(HOW TO COMPLETE THIS TASK)
Retype the lines from the one containing "Sharon Turner just" through the last line of the entries below, exactly and in full, omitting every image.

*** Block opens ***

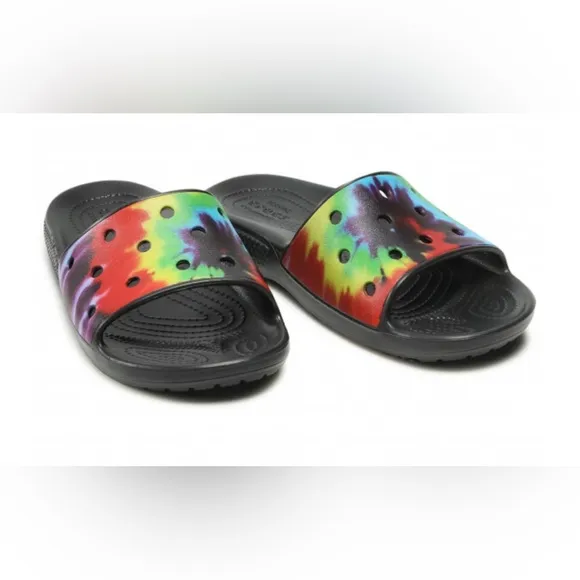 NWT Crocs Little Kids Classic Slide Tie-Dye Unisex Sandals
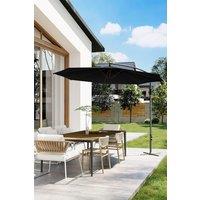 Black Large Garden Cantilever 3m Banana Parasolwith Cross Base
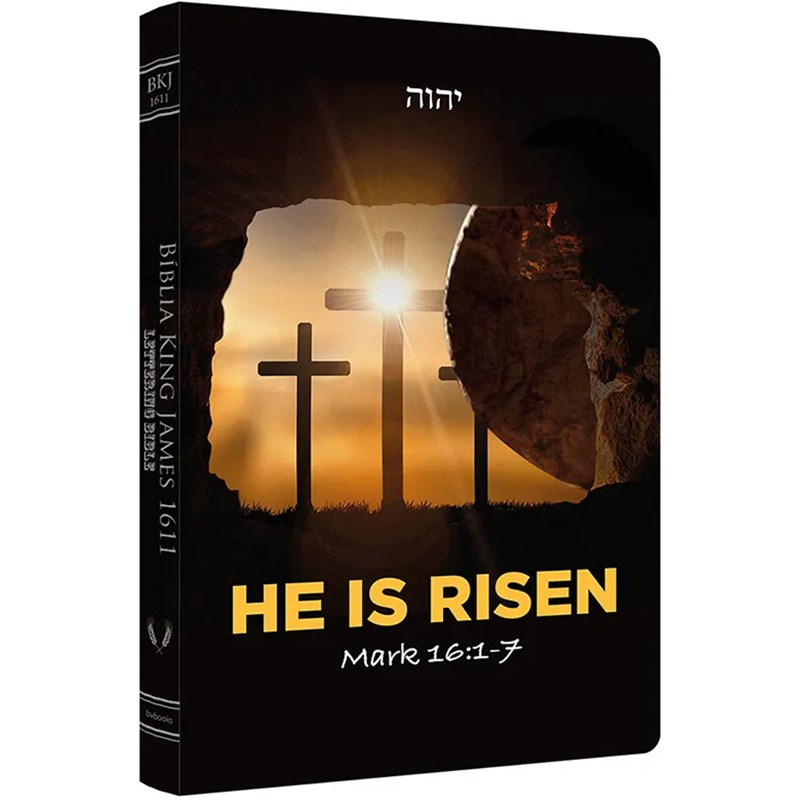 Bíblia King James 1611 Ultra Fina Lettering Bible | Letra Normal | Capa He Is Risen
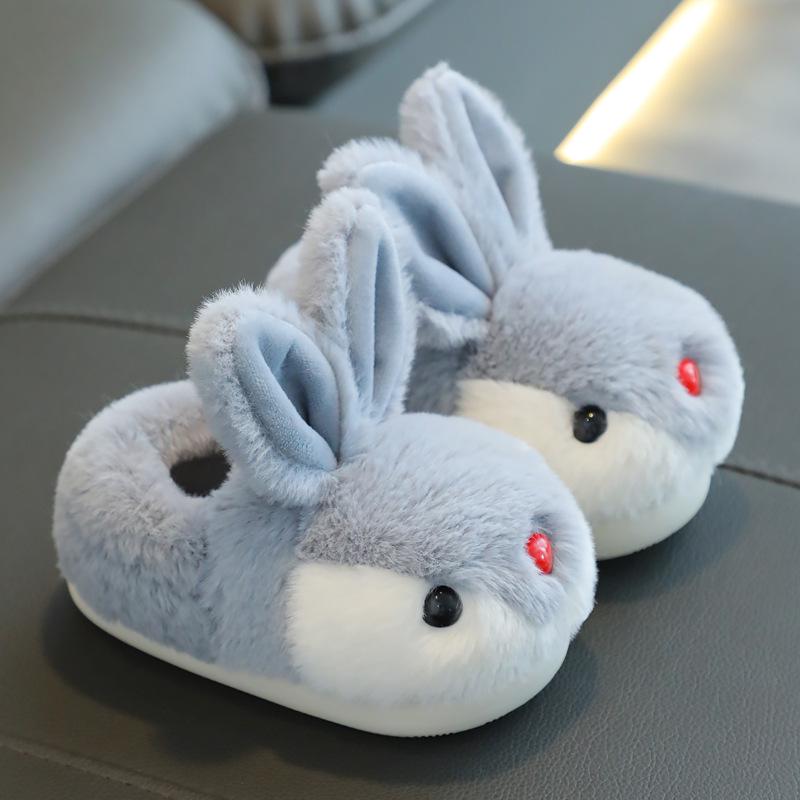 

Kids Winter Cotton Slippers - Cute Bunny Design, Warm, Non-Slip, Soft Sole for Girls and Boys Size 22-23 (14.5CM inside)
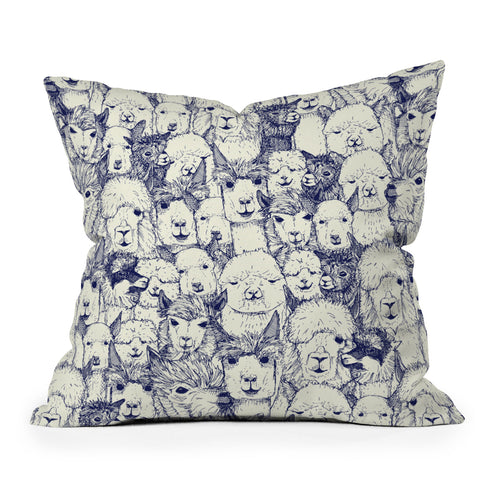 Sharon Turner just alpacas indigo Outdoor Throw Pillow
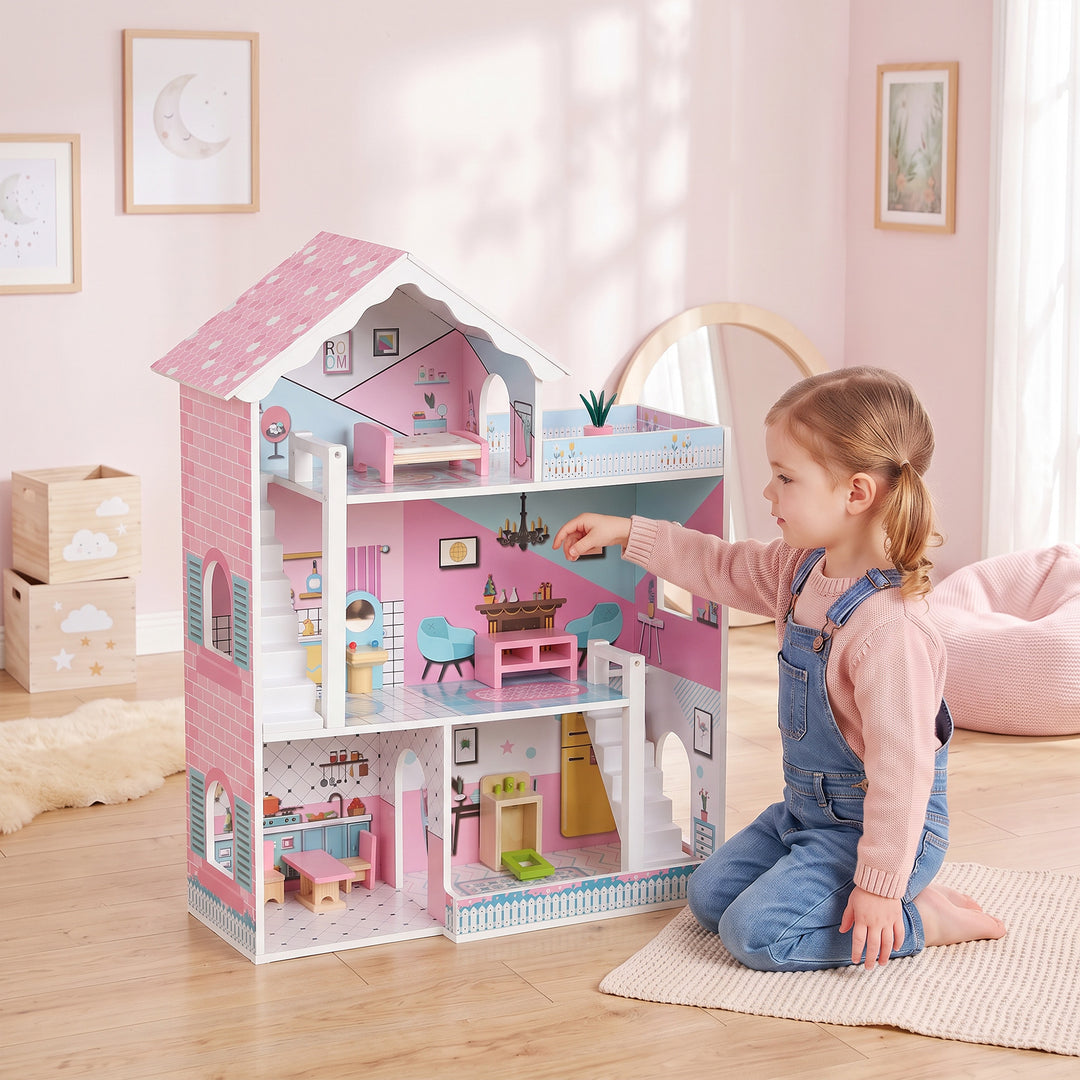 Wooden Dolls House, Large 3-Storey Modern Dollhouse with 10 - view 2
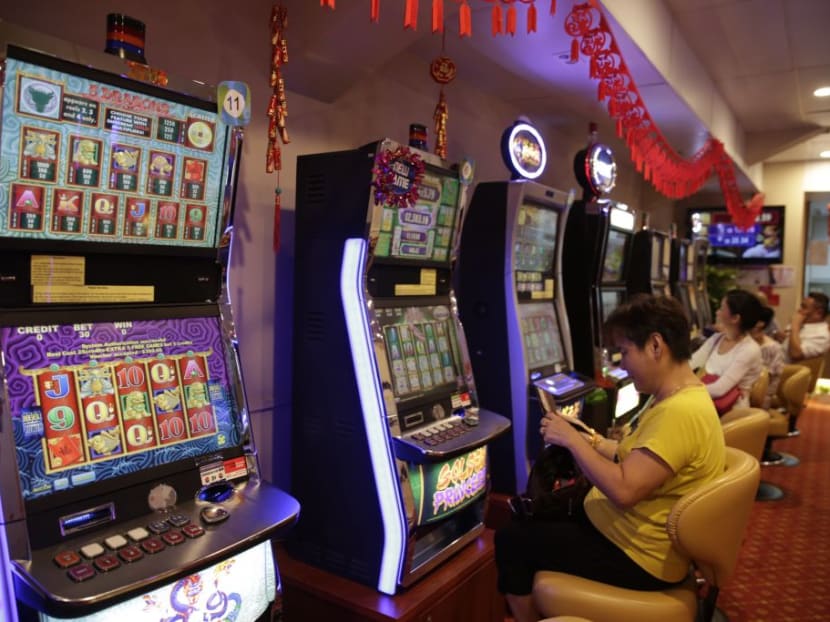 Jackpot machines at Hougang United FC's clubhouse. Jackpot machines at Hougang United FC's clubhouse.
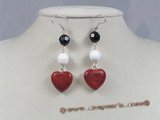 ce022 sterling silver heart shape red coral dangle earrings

*** Block closes ***

(ANSWER SPACE)
 Sharon Turner just alpacas indigo Outdoor Throw Pillow
 Wooden Dolls House, Large 3-Storey Modern Dollhouse with 10 - view 2
 Jackpot machines at Hougang United FC's clubhouse. Jackpot machines at Hougang United FC's clubhouse.
 ce022 sterling silver heart shape red coral dangle earrings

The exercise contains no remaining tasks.